FAST-PETase is a mutant variant derived from the PETase enzyme. It contains five mutations compared to the wild-type PETase. These mutations include N233K, R224Q, and S121E from prediction, along with D186H and R280A from the scaffold. This enzyme demonstrated superior PET-hydrolytic activity relative to both wild-type and other engineered alternatives between 30 and 50°C across a range of pH levels. At 50°C, FAST-PETase showed the highest overall degradation of all mutants tested, releasing 33.8 mM of PET monomers (the sum of terephthalic acid (TPA) and mono-(2-hydroxyethyl) terephthalate (MHET)). The enzyme's activity against post-consumer PET (pc-PET) was substantially higher than that of other enzymes like WT PETase, ThermoPETase, DuraPETase, LCC, and ICCM under the same conditions.

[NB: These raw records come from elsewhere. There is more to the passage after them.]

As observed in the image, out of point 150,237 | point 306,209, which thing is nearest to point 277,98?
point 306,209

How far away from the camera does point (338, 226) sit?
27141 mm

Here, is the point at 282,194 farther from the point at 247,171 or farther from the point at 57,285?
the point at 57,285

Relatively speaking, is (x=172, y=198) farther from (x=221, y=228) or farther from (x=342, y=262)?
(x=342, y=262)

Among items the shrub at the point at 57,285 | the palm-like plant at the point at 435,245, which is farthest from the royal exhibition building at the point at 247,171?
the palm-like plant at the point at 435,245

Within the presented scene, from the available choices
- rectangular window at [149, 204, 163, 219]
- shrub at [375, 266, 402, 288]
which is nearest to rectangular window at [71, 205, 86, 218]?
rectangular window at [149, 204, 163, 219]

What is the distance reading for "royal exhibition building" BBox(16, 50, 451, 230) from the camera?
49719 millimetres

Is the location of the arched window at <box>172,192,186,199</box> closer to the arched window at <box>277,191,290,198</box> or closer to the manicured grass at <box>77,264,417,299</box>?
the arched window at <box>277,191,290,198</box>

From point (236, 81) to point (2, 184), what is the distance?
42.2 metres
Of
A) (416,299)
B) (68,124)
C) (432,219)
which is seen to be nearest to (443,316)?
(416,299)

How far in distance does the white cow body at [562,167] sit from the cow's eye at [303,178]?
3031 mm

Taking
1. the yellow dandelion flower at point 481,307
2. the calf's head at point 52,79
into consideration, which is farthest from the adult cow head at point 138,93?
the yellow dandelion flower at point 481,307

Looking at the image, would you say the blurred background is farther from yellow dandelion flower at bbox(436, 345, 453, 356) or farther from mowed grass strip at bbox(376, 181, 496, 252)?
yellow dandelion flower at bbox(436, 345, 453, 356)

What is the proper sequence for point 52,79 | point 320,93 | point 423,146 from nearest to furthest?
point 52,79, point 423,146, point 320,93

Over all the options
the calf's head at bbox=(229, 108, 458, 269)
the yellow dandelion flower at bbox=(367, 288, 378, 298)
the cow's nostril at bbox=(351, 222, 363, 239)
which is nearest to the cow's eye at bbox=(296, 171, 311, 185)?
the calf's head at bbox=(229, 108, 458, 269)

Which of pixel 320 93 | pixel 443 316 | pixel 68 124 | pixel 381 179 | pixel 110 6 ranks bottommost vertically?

FAST-PETase was able to almost completely degrade untreated post-consumer PET from 51 different thermoformed products in just one week. The enzyme also demonstrated the capability to depolymerize untreated, amorphous portions of a commercial water bottle. A time-course analysis revealed an almost linear decay rate of PET degradation and a concomitant increase in crystallinity over time. The development of FAST-PETase offers a potential solution for the degradation of PET plastics, especially given its enhanced activity and stability across a range of conditions. This enzyme can play a pivotal role in addressing the environmental challenges posed by PET plastic accumulation.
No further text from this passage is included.